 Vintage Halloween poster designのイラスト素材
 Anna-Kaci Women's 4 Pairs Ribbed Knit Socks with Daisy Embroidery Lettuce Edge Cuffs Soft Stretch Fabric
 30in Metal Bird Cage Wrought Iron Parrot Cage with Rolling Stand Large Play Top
==========
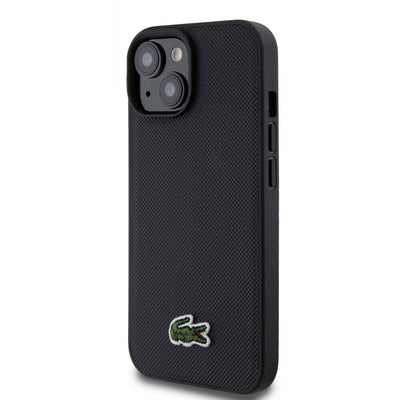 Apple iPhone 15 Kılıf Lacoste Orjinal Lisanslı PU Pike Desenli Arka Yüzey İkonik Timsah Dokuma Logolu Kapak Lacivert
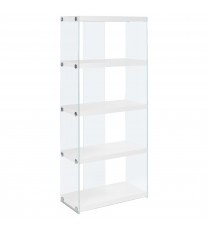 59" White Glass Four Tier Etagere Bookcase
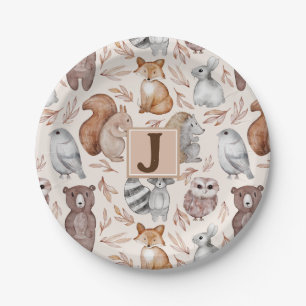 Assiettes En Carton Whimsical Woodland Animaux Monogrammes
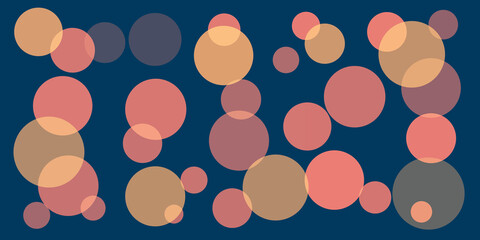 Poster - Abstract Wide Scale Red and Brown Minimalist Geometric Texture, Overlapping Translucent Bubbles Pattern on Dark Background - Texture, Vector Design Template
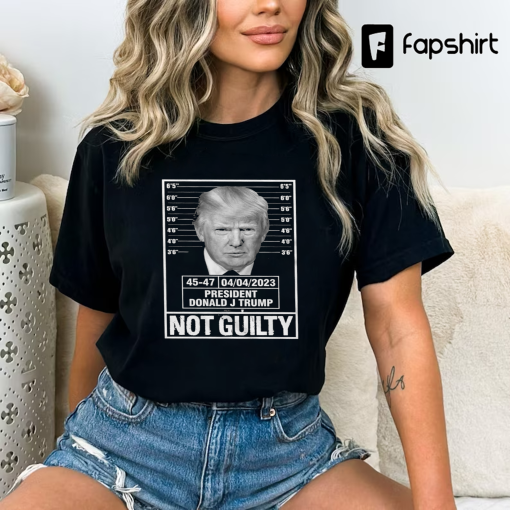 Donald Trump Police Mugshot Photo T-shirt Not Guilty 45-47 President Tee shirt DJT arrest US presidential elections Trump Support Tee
==========
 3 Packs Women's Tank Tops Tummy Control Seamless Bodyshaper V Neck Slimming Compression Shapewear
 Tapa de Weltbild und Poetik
==========
Activity:
Look above for the line with "Apple iPhone 15" and the line with "Assiettes En Carton", then copy exactly the lines from the first through the second, both kept, with no pictures.

Your response:
 Apple iPhone 15 Kılıf Lacoste Orjinal Lisanslı PU Pike Desenli Arka Yüzey İkonik Timsah Dokuma Logolu Kapak Lacivert
 59" White Glass Four Tier Etagere Bookcase
 Assiettes En Carton Whimsical Woodland Animaux Monogrammes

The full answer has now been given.